True Love Defined

Canadian bishops issue pastoral letter on chastity.

(photo: Shutterstock)

OTTAWA, Ontario (CNS) — Canada’s Catholic bishops invited young people to lead lives of chastity in a new pastoral letter.

Describing chastity as “more than the absence of sexual relations,” the Canadian Conference of Catholic Bishops’ Episcopal Commission on Doctrine said living a chaste life “calls for purity of mind as well as body.”

Issued Jan. 27, the eight-page letter addresses social issues and offers encouragement to teenagers and young adults to live chaste lives in a world that stresses personal satisfaction and gratification.

“Today, chastity is often mistakenly associated with being old-fashioned, with a fear of passion or with sexual inhibition,” the bishops said.

“If we are not working to develop a pure heart or a pure mind, then our bodily actions will reflect this,” they added. “If we have no control over our desires or passions, then we cannot be trusted in either the big or the small things.”

The pastoral letter was posted on the bishops’ website (CCCB.ca). It was accompanied by a link to a video presentation showing young people reading the document aloud.

The document also echoed Pope Paul VI’s 1968 encyclical Humanae Vitae (On Human Life) about marriage, in saying “the sexual act has to be unitive and procreative” and “some kinds of sexual activity are not chaste.”

“Though pleasure may be present, some acts are a misuse of sex when they fall short of what God intends,” the letter said.

The bishops cited examples of holy men and women who “embodied chastity” as they faced challenges throughout life. In particular, the document looks at the lives of St. Augustine, St. Gianna Beretta Molla, Blessed Kateri Tekakwitha and Blessed Pier Giorgio Frassati as role models for young people.

Practical advice, such as prayer, receiving the Eucharist and reception of the sacrament of reconciliation also are offered by the document.

In Canada, the response of Catholic experts was positive.

“Obviously it is a totally countercultural document,” said Michele Boulva, director of the Catholic Organization for Life and Family. “We live in a hypersexualized world.

Our children grow up with a very limited vision of love and sexuality.”

“We should be grateful to the bishops for their courage in presenting another perspective, a more holistic perspective, on sex, and for reminding us of God’s humanizing plan on human love and sexuality,” Boulva said.

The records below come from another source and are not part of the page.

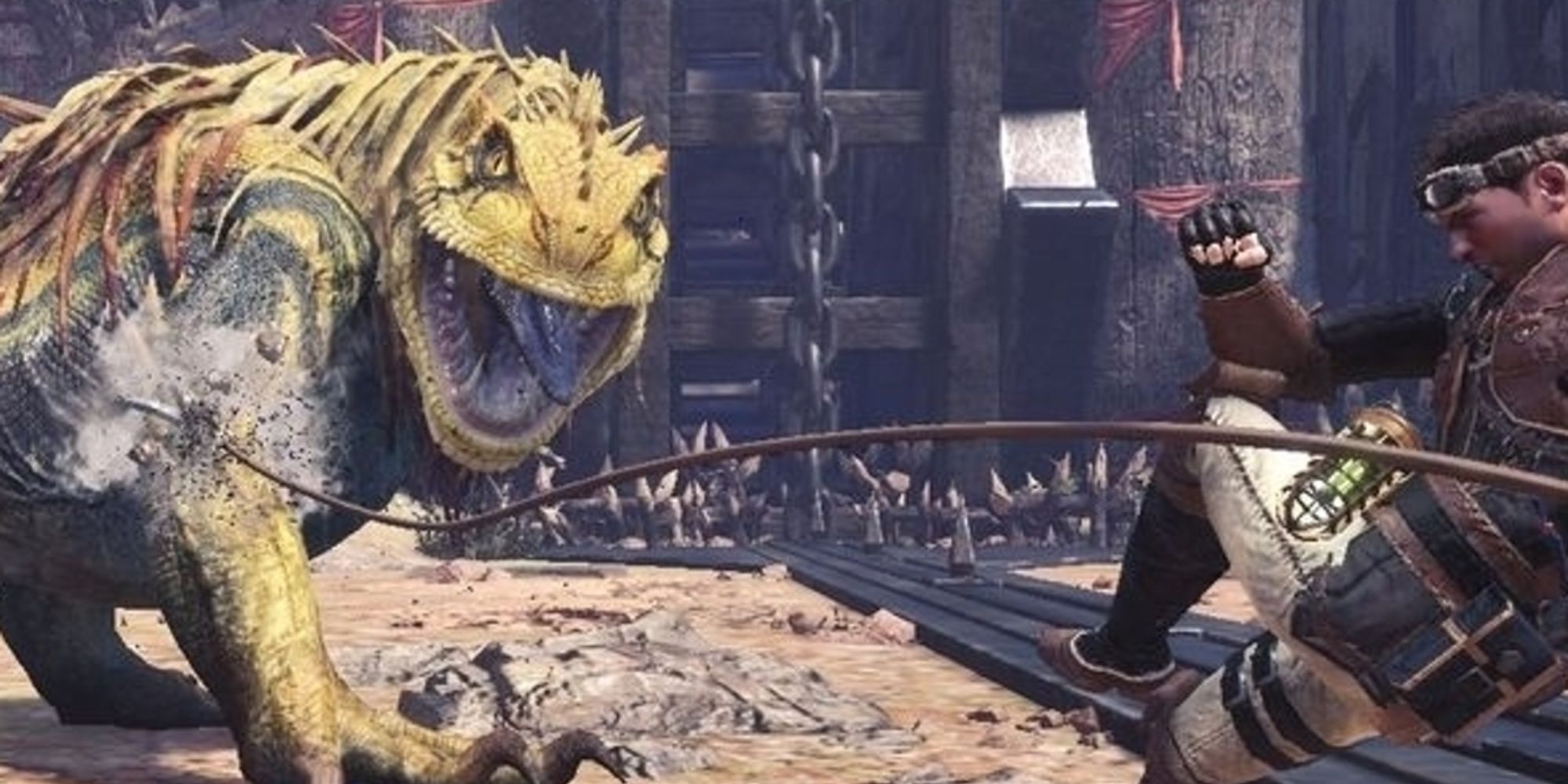 A hunter fighting a Great Jagras in Monster Hunter World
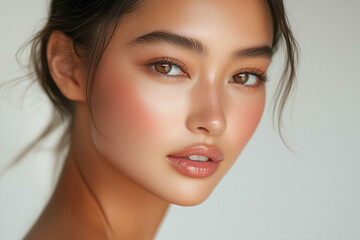 Naklejka premium Young Asian woman face. Beautiful korean japanese chinese girl model with clean skin and natural makeup, happy young woman portrait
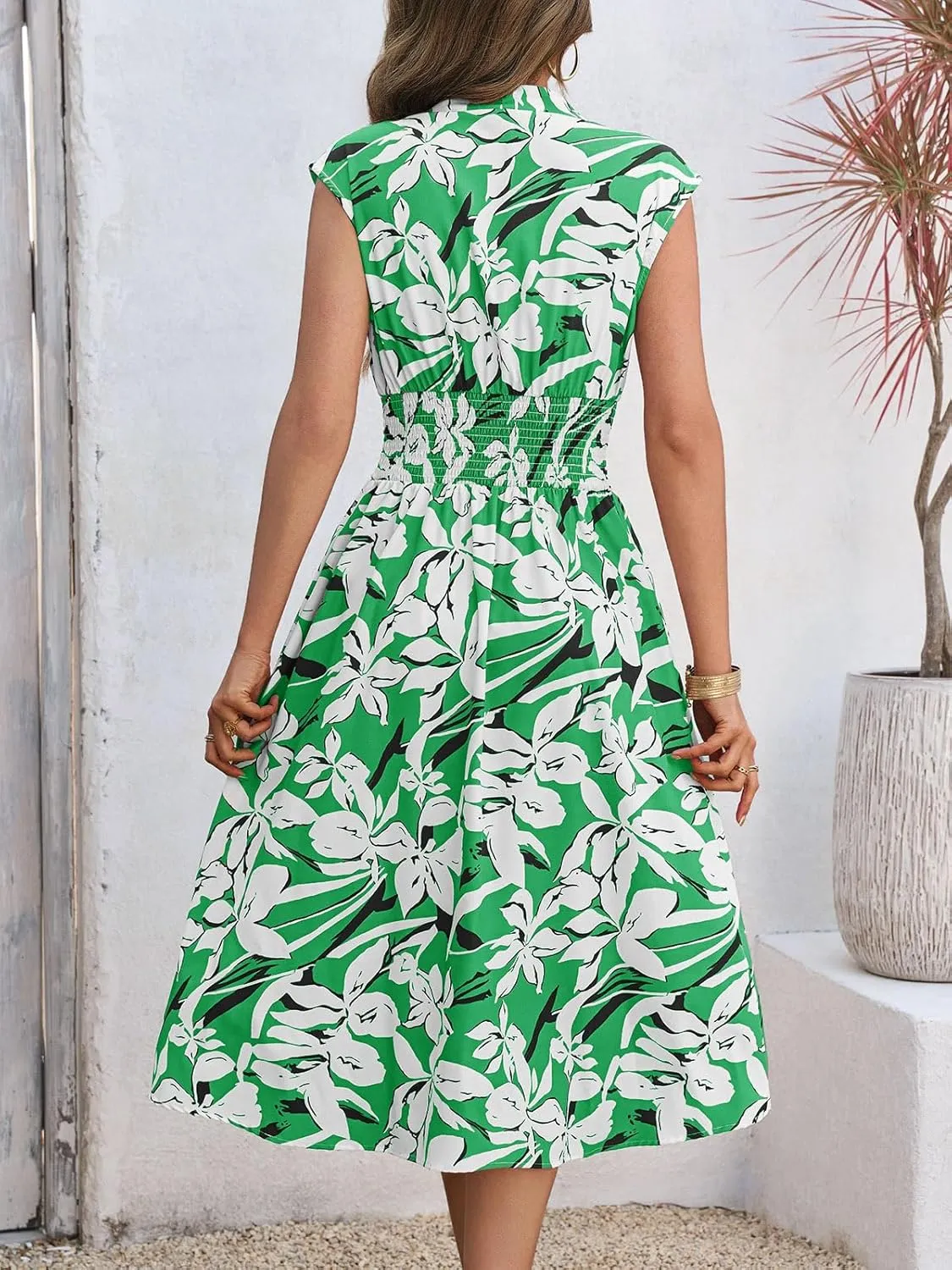 Wenrine Womens Floral Midi Dress Casual Zipper Front Sleeveless V Neck Smocked Flowy Summer Dresses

Patricia Murphy, assistant professor of Christian ethics at St. Augustine’s Seminary in Toronto, welcomed the bishops’ “honest and encouraging message” about the gift of sexuality.

“As their message acknowledges, we live in a hypersexualized culture, and young people don’t need to look past their computers or iPhones to be bombarded with all sorts of images,” she said.

Murphy said the bishops’ use of “virtues language” is helpful because virtues, like chastity, are good habits.

Boulva said, “In our day and age, so many women are treated as objects and so many spouses are cheated upon, with incredibly destructive impacts on children,” she added. “If chastity within marriage means not using your partner as an object for pleasure, and also on being faithful, who can be against that?”